NBIS Metagenomics Workflow

A snakemake workflow for preprocessing and analysis of metagenomic datasets. Handles single- and/or paired-end data and runs on a local UNIX/LINUX laptop, or in a cluster environment.

The source code is available at GitHub and is being developed as part of the NBIS bioinformatics infrastructure.

Installation

From GitHub

1. Clone the repository

Checkout the latest version of this repository (to your current directory):

git clone git@github.com:NBISweden/nbis-meta.git
cd nbis-meta

Change directory:

cd nbis-meta

2. Install the required software

The workflow is structured around a default core set of rules and several additional rules that can be set my modifying the config settings. Because of this modular structure the software requirements are divided in several conda files. This ensures that the size of the software environment is only as big as it needs to be for your analysis. However, it also means that snakemake has to be run with the --use-conda flag.

The bare-minimum requirements for starting the workflow can be installed with the environment.yml file:

conda env create -f environment.yml

Activate the environment using:

conda activate envs/nbis-meta

You are now ready to start using the workflow!
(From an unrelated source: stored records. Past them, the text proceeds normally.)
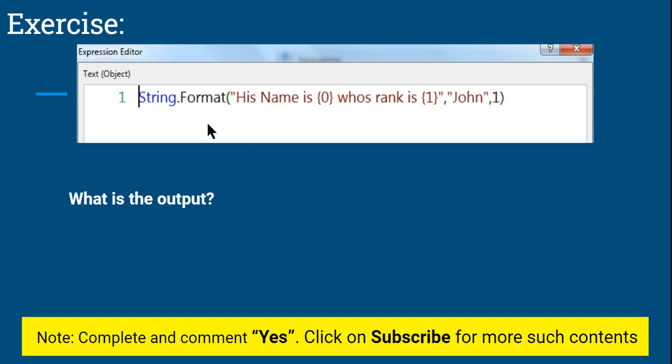So are you aware of the String.Format and how this one functions? Looking at this, many of you must have got the answer which is really good. We are going to experiment a little more about this, add a few more in curly braces and experiment. I want all of you to pause this and practice on your UiPath and see what kind of output is coming.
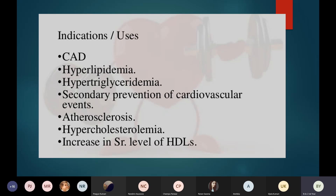Indications for hypolipidemic agents: number one, coronary artery disease (CAD) — plaque formation in the coronary arteries; number two, hyperlipidemia — very high lipid levels in the blood; number three, hypertriglyceridemia — very high triglyceride levels; number four, secondary prevention of cardiovascular events; number five, atherosclerosis; number six, hypercholesterolemia — very high cholesterol levels; and number seven, severely increased HDL levels.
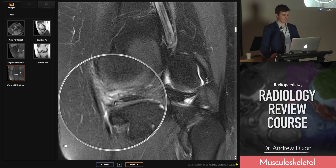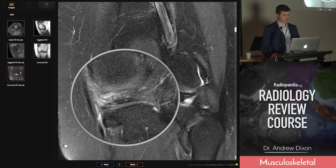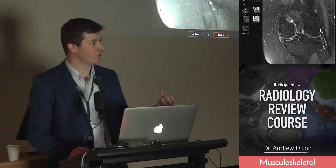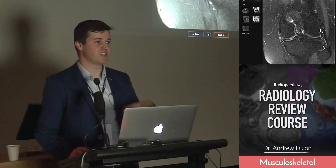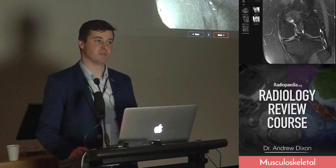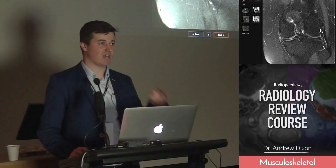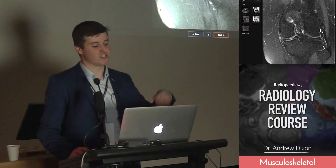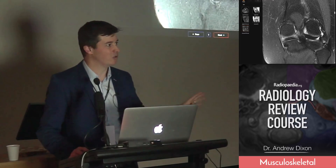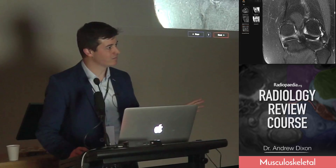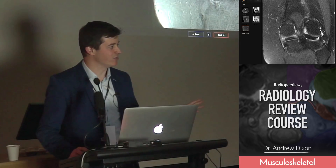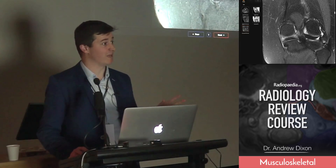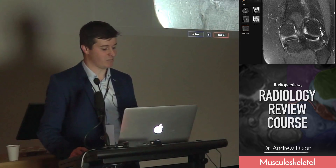On the coronal plane you can see all this stuff sitting next to it — it's important to report that. You should say there is associated localised synovitis, because that suggests the tear is symptomatic. If you have a degenerative horizontal tear with no synovitis next to it, maybe it's not causing their knee pain and doesn't need treatment. But if there's localised synovitis, it probably makes sense that it's causing pain.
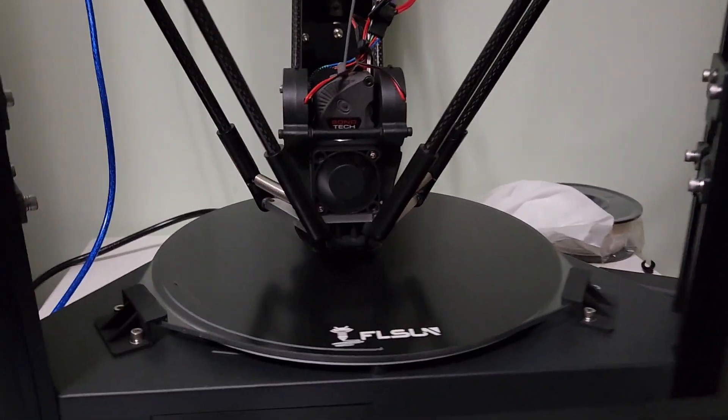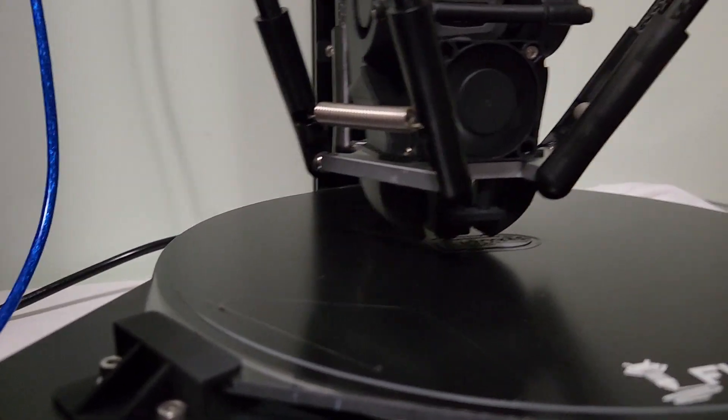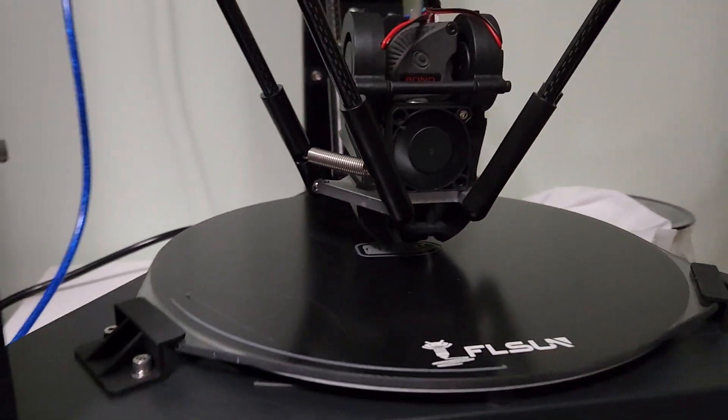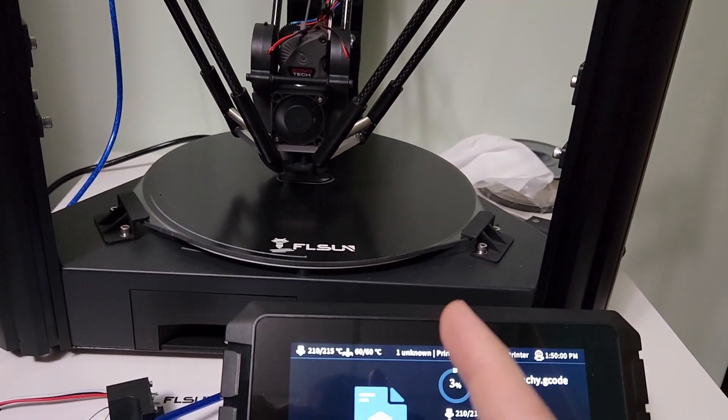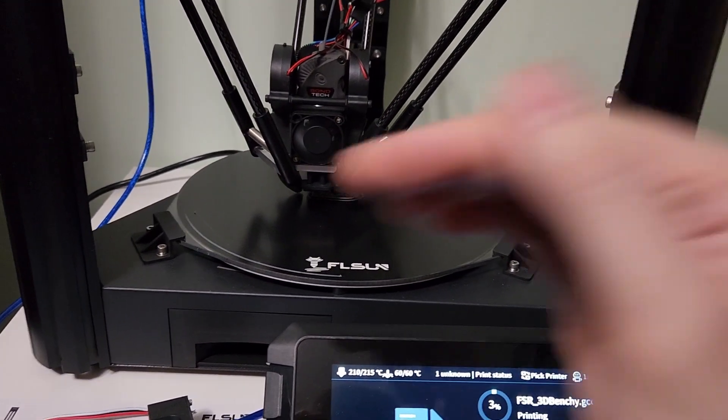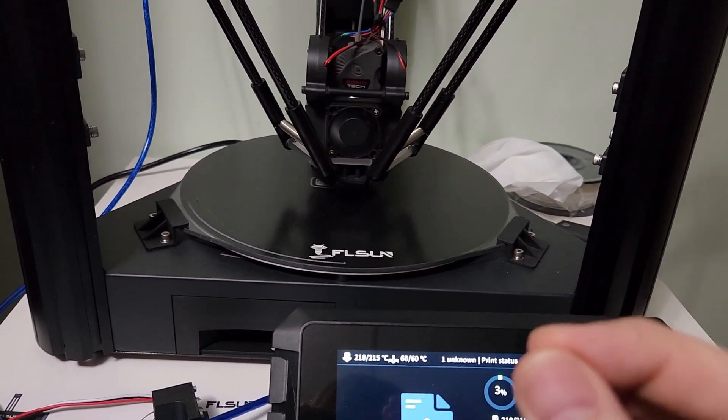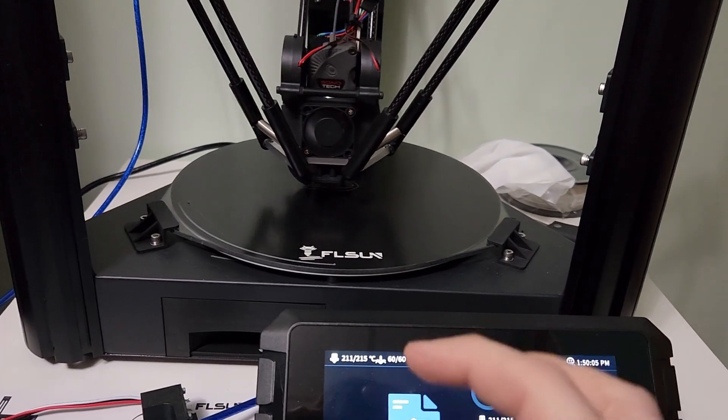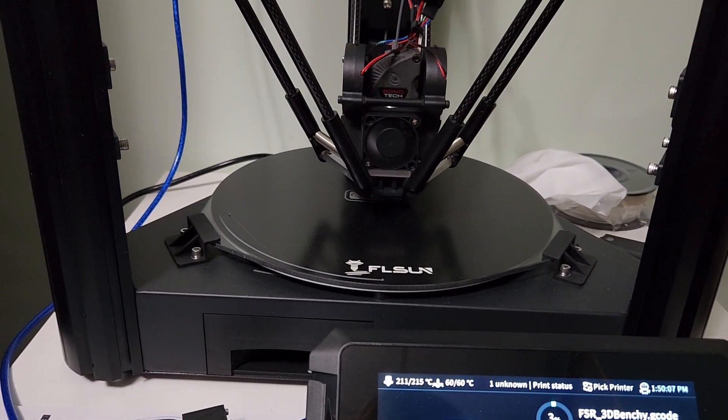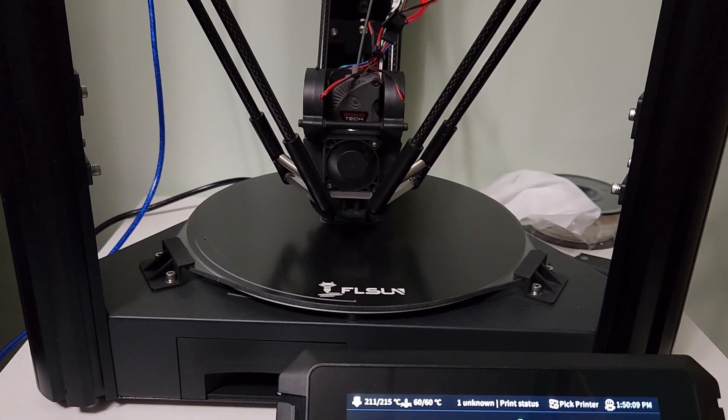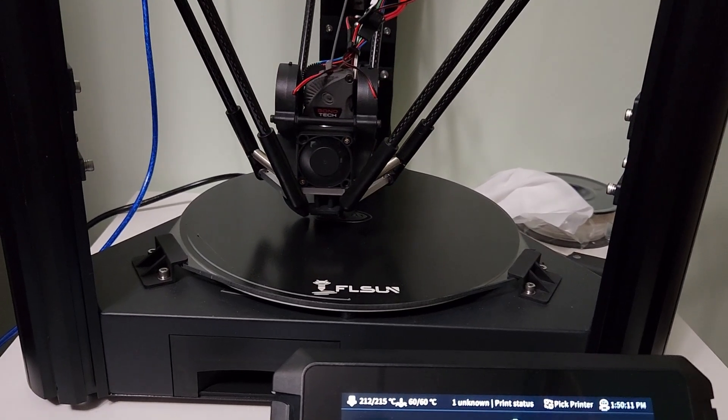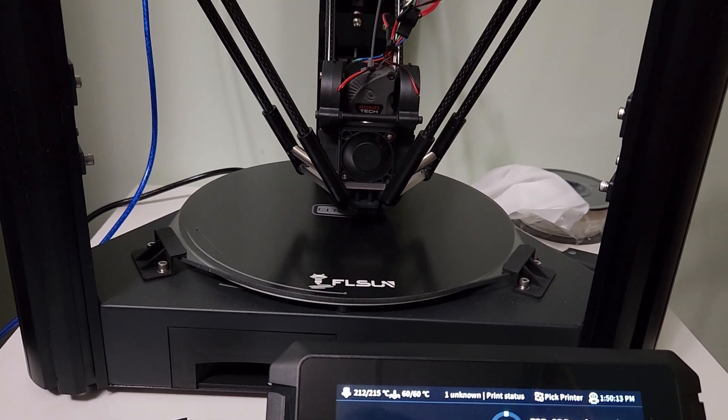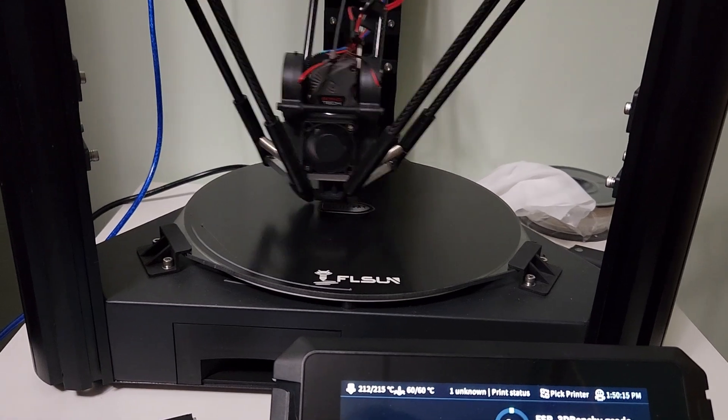I also found some upgraded cooling ducts for the printer. The cooling ducts on the stock FLSUN kind of point to the nozzle more than the actual part, so I found some ducts on Cults. I'll link all this stuff below—the effector mod and the cooling ducts.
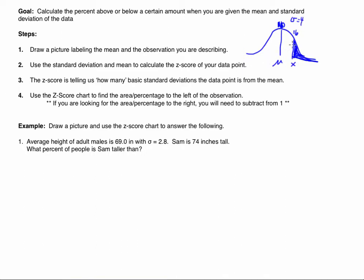Notice what I've done here is I have drawn a picture. If we need to calculate the area or the percent associated with an observation, the first thing we're going to want to do is draw the picture. After that, we're going to use the standard deviation and the mean to calculate — in this example — how far, or what's the z-score associated with our observation. The z-score is telling us how many standard deviations away we are.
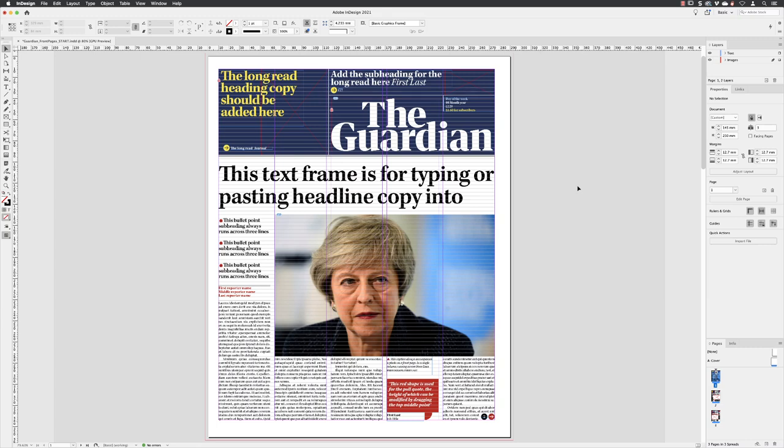Next, we'll import two more images at the same time and fill the two remaining placeholder frames at the top of the front page.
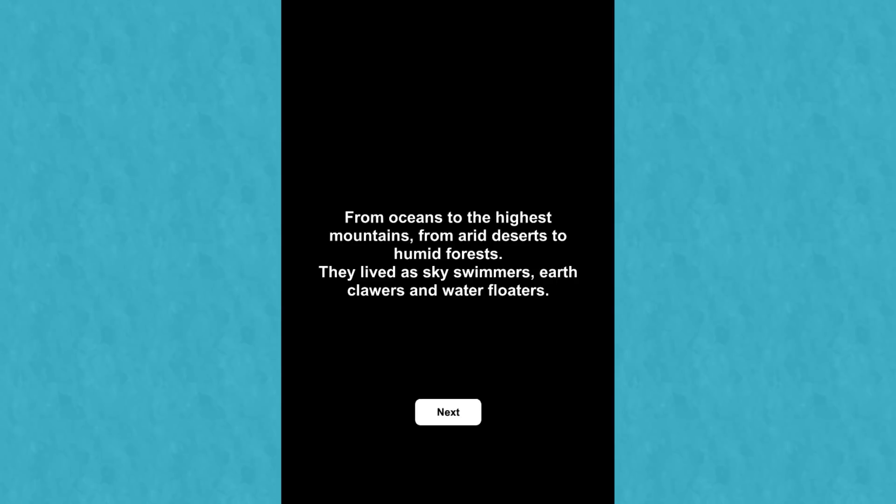From oceans to the highest mountains, from arid deserts to humid forest, they lived as sky swimmers, earth crawlers, and water floaters. And just what could we be talking about, my friends, here on another AppVenture.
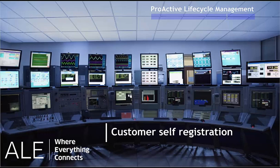In this video, you will learn how to use the self-registration for ProActive Lifecycle Management application. Self-registration enables you to create an access account to ProActive Lifecycle Management application for customer management.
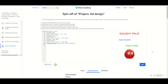In today's video I went over how to tackle this spin-off project called Project Ad Design. I gave you a few starter tips and showed you how to go about making this ad. I hope you continue your journey through Khan Academy programming and I'll see you in the next video. Bye bye!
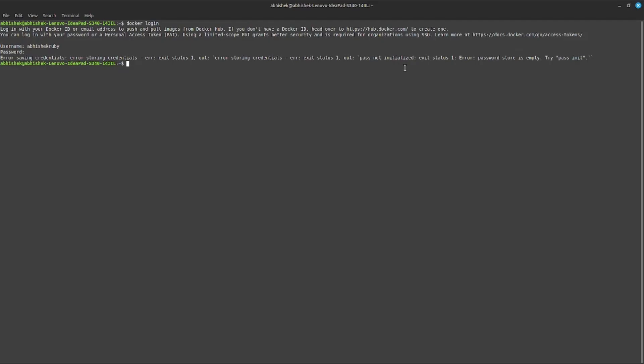So we need to generate a GPG key for pass initializing. For generating this GPG key, type gpg --generate-key.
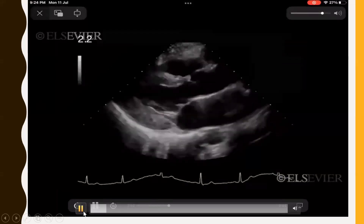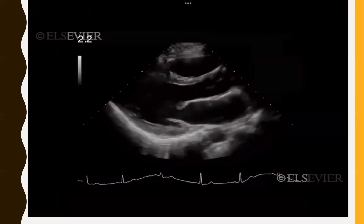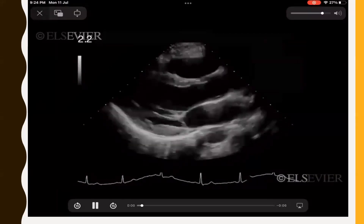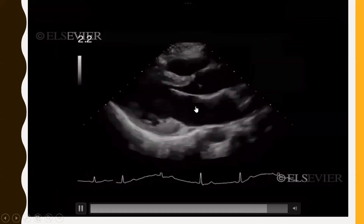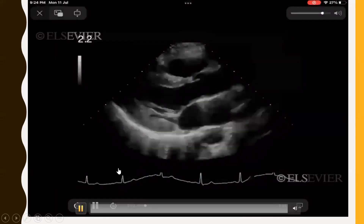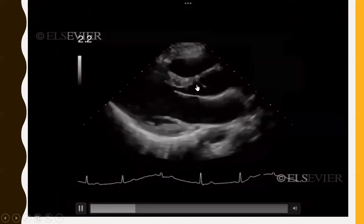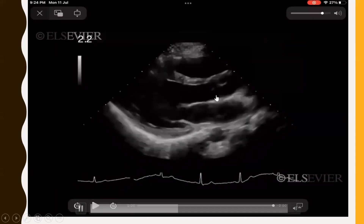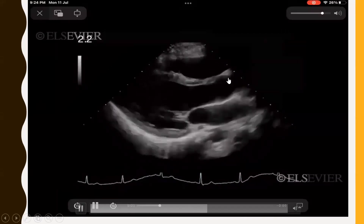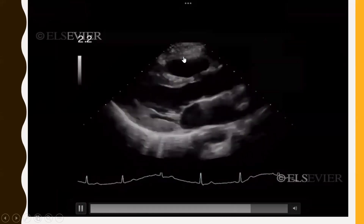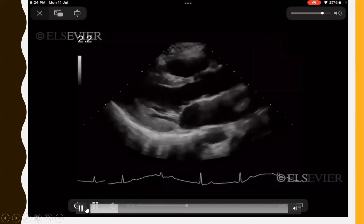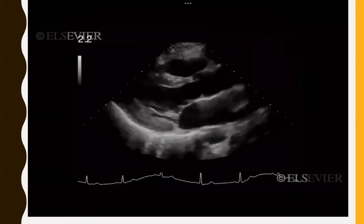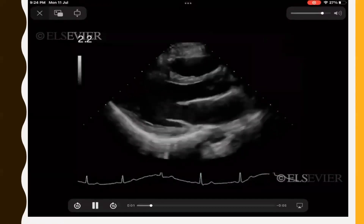The first video demonstrates the PLAX view. In this we have the LA at the upper end, the mitral valve, the LV, the aortic valve and aorta, the right ventricle, interventricular septum, and posterior wall.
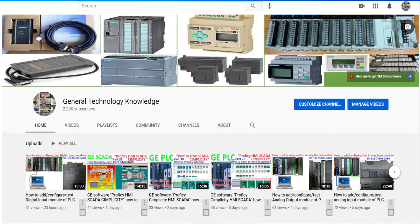Hello everyone. Welcome back to my channel again, General Technology Knowledge.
To run the workflow on some example data simply type:

snakemake --use-conda -j 4 -p

From Docker

You can also pull the latest Docker image which has all the code and requirements needed to run the workflow:

docker pull nbisweden/nbis-meta:latest

To run a container with the image and get an interactive shell, run:

docker run --rm -it -v $(pwd):/analysis nbisweden/nbis-meta:latest /bin/bash

Note

If you plan on using the workflow in a cluster environment running the SLURM workload manager (such as Uppmax) you should configure the workflow with the SLURM snakemake profile. See the documentation.